§ RECORDS FOR THE EXERCISE
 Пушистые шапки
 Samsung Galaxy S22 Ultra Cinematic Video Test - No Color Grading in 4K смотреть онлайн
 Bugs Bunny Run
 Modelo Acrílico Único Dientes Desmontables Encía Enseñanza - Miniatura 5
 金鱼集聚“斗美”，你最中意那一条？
==
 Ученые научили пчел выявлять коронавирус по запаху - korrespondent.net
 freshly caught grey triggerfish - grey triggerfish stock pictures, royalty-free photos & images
---
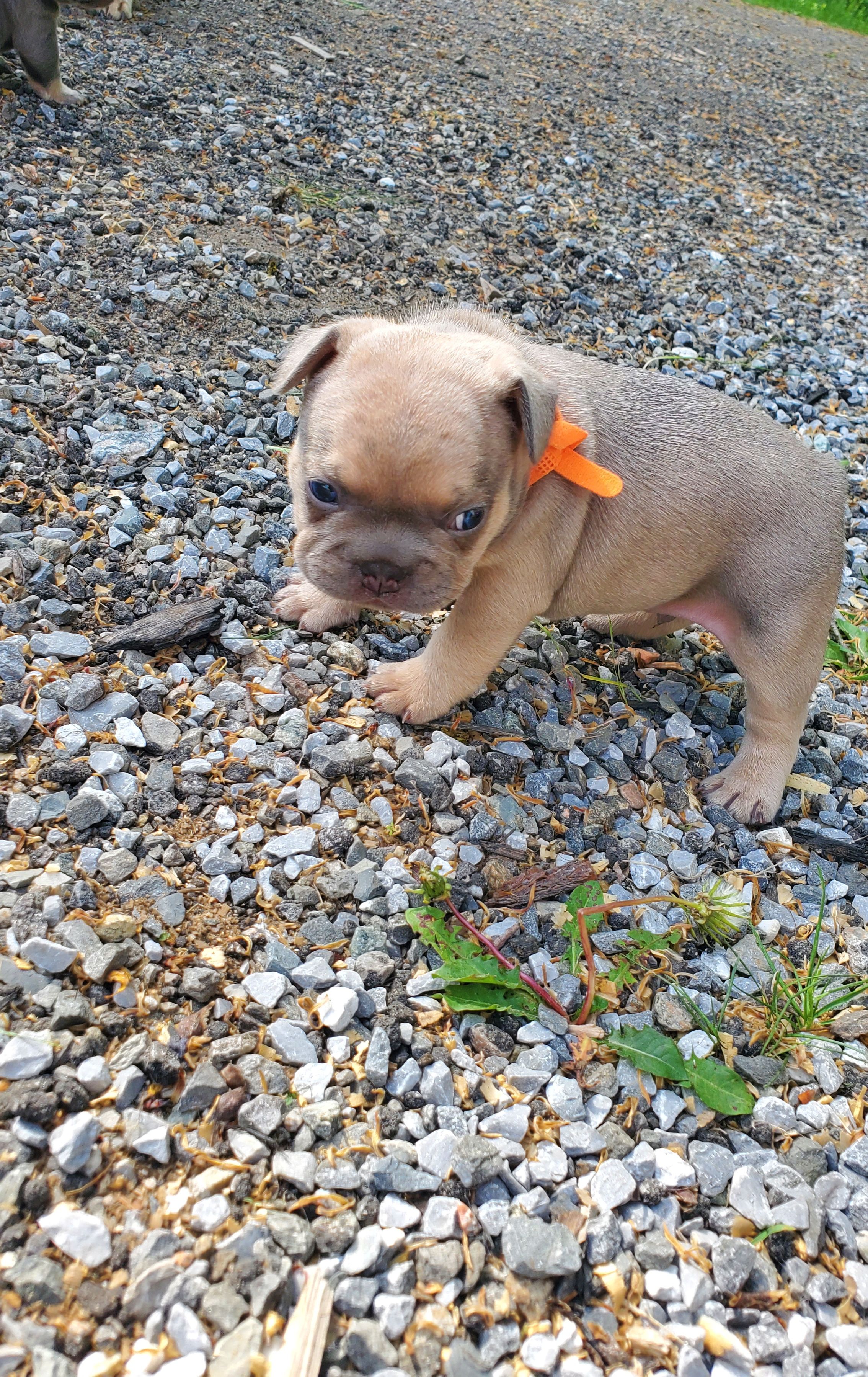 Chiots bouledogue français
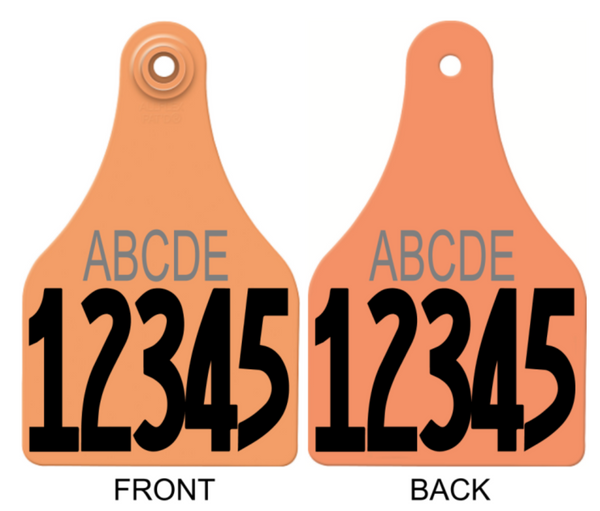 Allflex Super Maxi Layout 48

§ INSTRUCTIONS FOR THE TASK
From the records above, write out exactly the lines that begin at the line with "Chiots bouledogue français" and end at the line with "Allflex Super Maxi Layout 48". Pictures must not appear in the output.

§ RESULT OF THE EXERCISE
 Chiots bouledogue français
 Allflex Super Maxi Layout 48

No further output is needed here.